Class ColumnarBatchReader

java.lang.Object
org.apache.iceberg.arrow.vectorized.BaseBatchReader<org.apache.spark.sql.vectorized.ColumnarBatch>
org.apache.iceberg.spark.data.vectorized.ColumnarBatchReader
All Implemented Interfaces:
VectorizedReader<org.apache.spark.sql.vectorized.ColumnarBatch>

public class ColumnarBatchReader extends BaseBatchReader<org.apache.spark.sql.vectorized.ColumnarBatch>
VectorizedReader that returns Spark's ColumnarBatch to support Spark's vectorized read path.

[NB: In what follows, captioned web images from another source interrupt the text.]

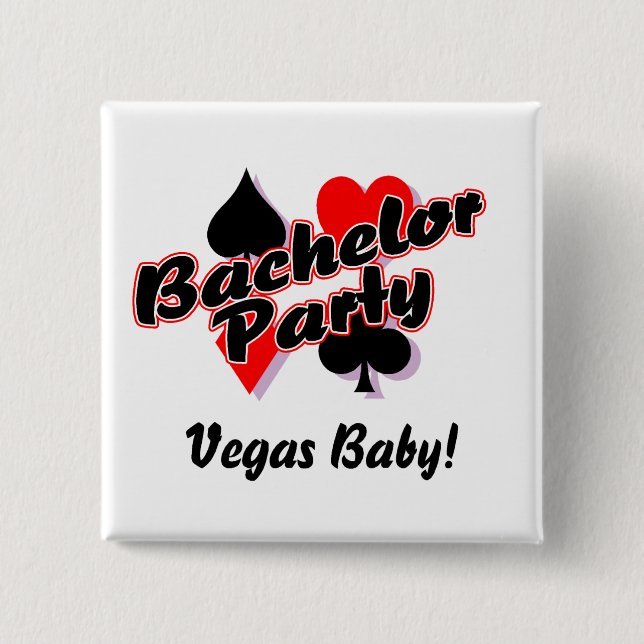 Vegas-Junggeselle-Party Button (Vorderseite)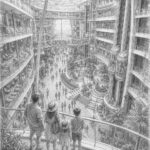 Illustration of Star Princess at the pier with travelers looking up at the ship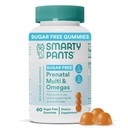 妇女产前维生素SmartyPants,无糖多维素蛋白:甲基folate,Omega 3(ALA)维生素D3,C,维生素B12,B6,A,K & Zinc,Inositol,Erythritol Free,60 Count (20天供应)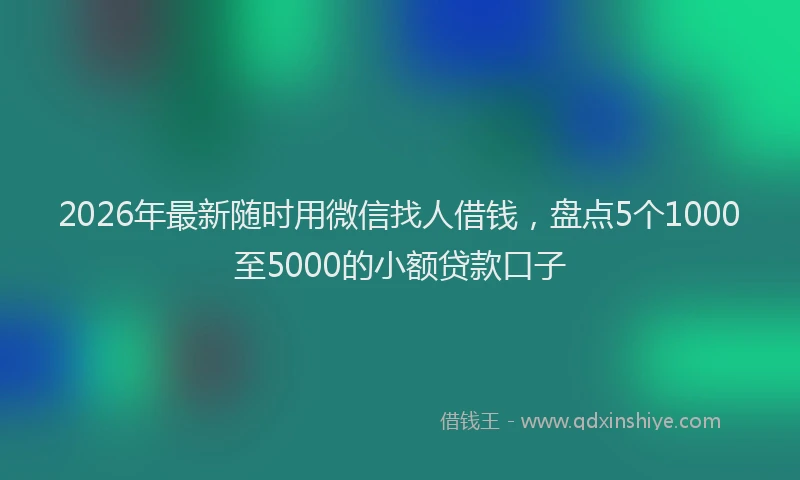 2026年最新随时用微信找人借钱，盘点5个1000至5000的小额贷款口子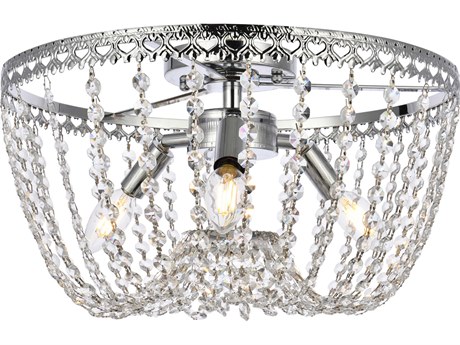 Elegant Lighting Kylie 3-Light Chrome Crystal Flush Mount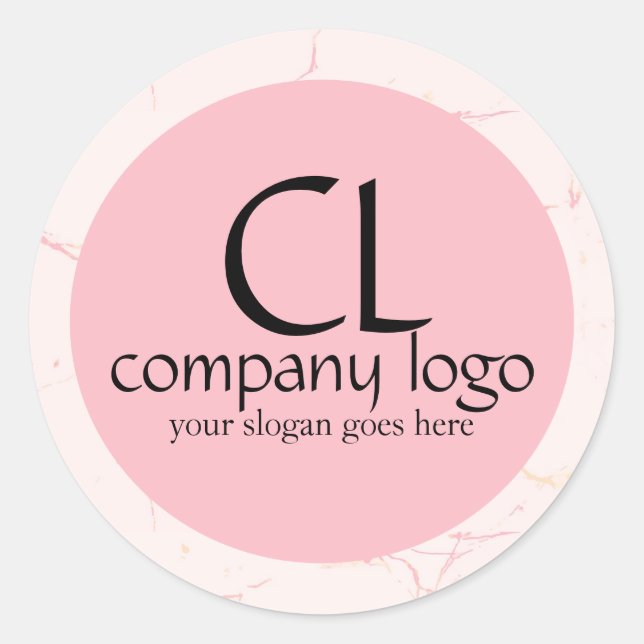 Redondo Adesivo de logotipo personalizado (Frente)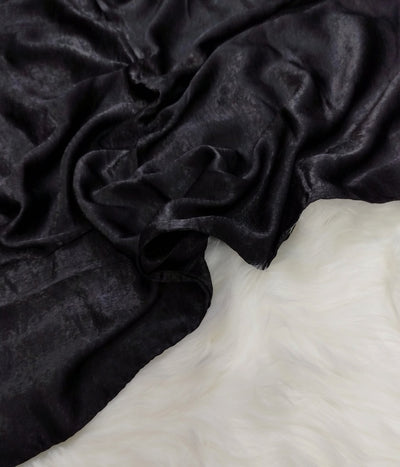 Velvet Silk Hijab in Black Color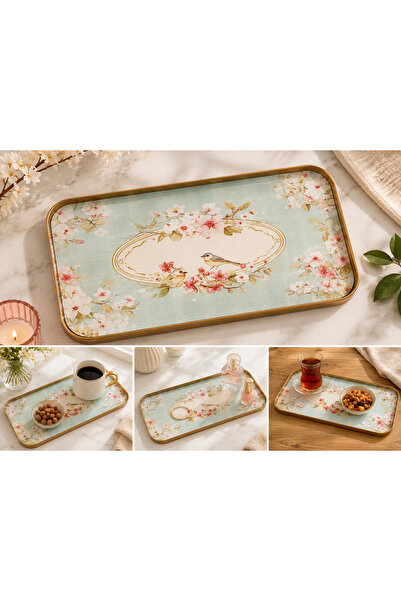 ela777 Vintage Bird and Floral Patterned Decorative Presentation Tray 💗 🌸 �...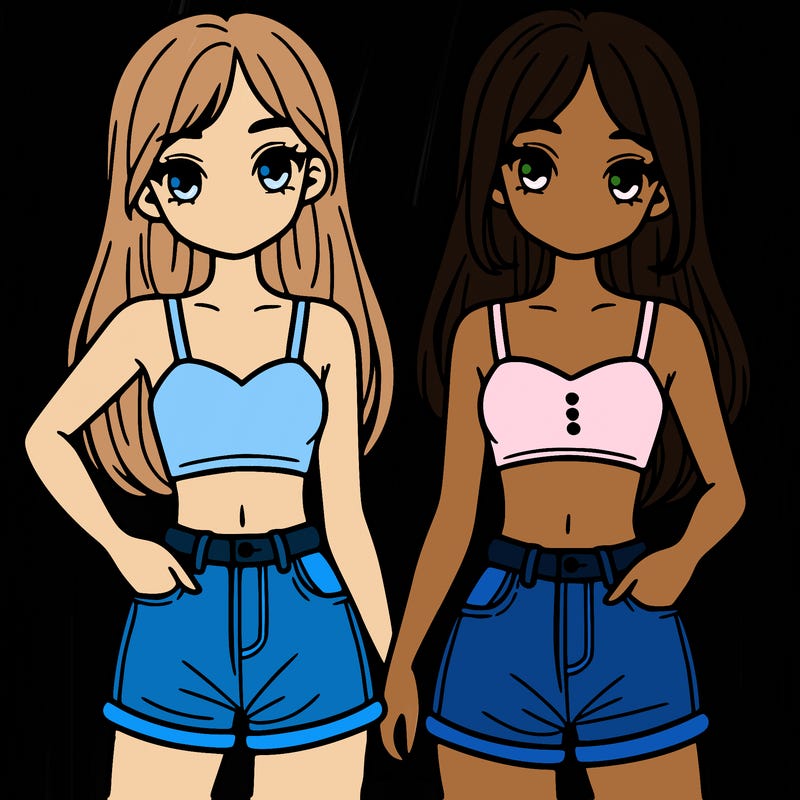 two sisters with crop tops and jean shorts and straight hair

The ColumnarBatch returned is created by passing in the Arrow vectors populated via delegated read calls to VectorReader(s).
  • Constructor Details

  • Method Details

    • setRowGroupInfo

      public void setRowGroupInfo(org.apache.parquet.column.page.PageReadStore pageStore, Map<org.apache.parquet.hadoop.metadata.ColumnPath,org.apache.parquet.hadoop.metadata.ColumnChunkMetaData> metaData, long rowPosition)
      Description copied from interface: VectorizedReader
      Sets the row group information to be used with this reader
      Specified by:
      setRowGroupInfo in interface VectorizedReader<org.apache.spark.sql.vectorized.ColumnarBatch>
      Overrides:
      setRowGroupInfo in class BaseBatchReader<org.apache.spark.sql.vectorized.ColumnarBatch>
      Parameters:
      pageStore - row group information for all the columns
      metaData - map of ColumnPath -> ColumnChunkMetaData for the row group
      rowPosition - the row group's row offset in the parquet file
    • setDeleteFilter

      public void setDeleteFilter(DeleteFilter<org.apache.spark.sql.catalyst.InternalRow> deleteFilter)
    • read

      public final org.apache.spark.sql.vectorized.ColumnarBatch read(org.apache.spark.sql.vectorized.ColumnarBatch reuse, int numRowsToRead)
      Description copied from interface: VectorizedReader
      Reads a batch of type @param <T> and of size numRows
      Parameters:
      reuse - container for the last batch to be reused for next batch
      numRowsToRead - number of rows to read
      Returns:
      batch of records of type @param <T>